Most people would much rather be resting on Workers Day. The first of May is right in between two working days and thus would be unreasonable to expect people to continue with this relatively hard work. This day would be yet another expense on the already debt burdened government. The Namibian government should rather be cutting down on expenses during the current financial situation
- Moving the clean-up day to another holiday
- Scheduling clean-up day during the week.
- Create sanitation awareness
- Cancel clean-up day completely
- Appointing more sanitary workers.
- How May day could be commemorated
This report provides the implications of the president’s announcement and solutions to avoid the conflict. The president’s urgency to clean Namibia is completely valid but Hon. Erkki Nghimtina should rather reassess the proposal and considering the recommendations.Recommendations to the announcement of May Day being a cleaning day.
Referring back to the summary here are possible solutions:
- Moving the National Clean-up day. The National clean-up day could be moved to less significant day. Labour Day has too much significance in being a public holiday.
- Schedule a national clean-up day during the week. A clean-up day can be on a normal work day. Everyone could still partake in their work environment.

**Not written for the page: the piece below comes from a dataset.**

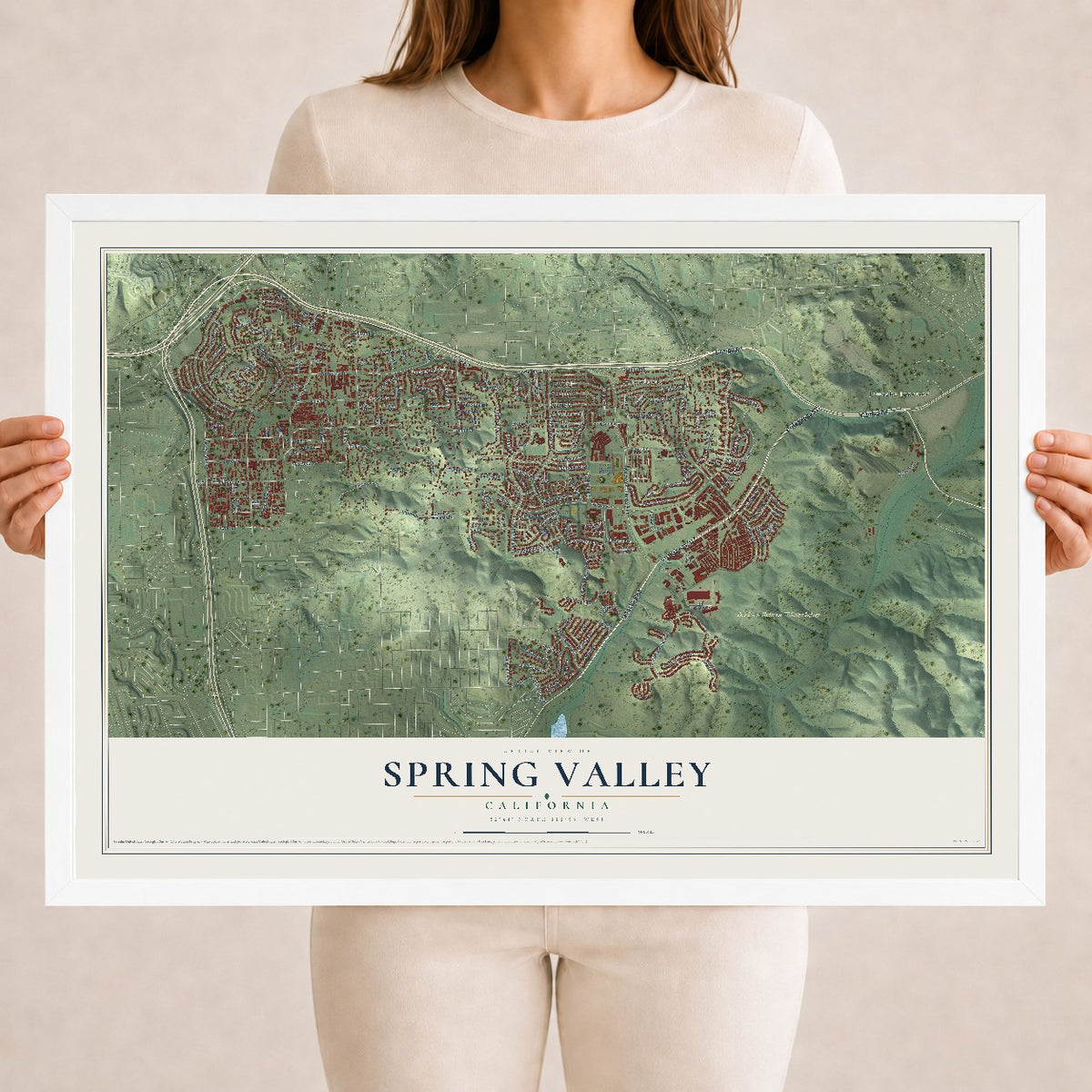 Map of Spring Valley, California, 18 x 24 inch print in a white wood frame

- Create sanitation awareness. The government could start awareness campaigns. This would encourage everyone to clean up no matter what day it is.
- Cancel the clean-up day. If this day is cancelled all conflict would be resolved. The government would have more time to contemplate the matter and produce a more thought-out proposal.
- Appoint more sanitary workers. More sanitary workers could be hired to keep Namibia clean. This would result in more unskilled job opportunities and cleaner Namibia.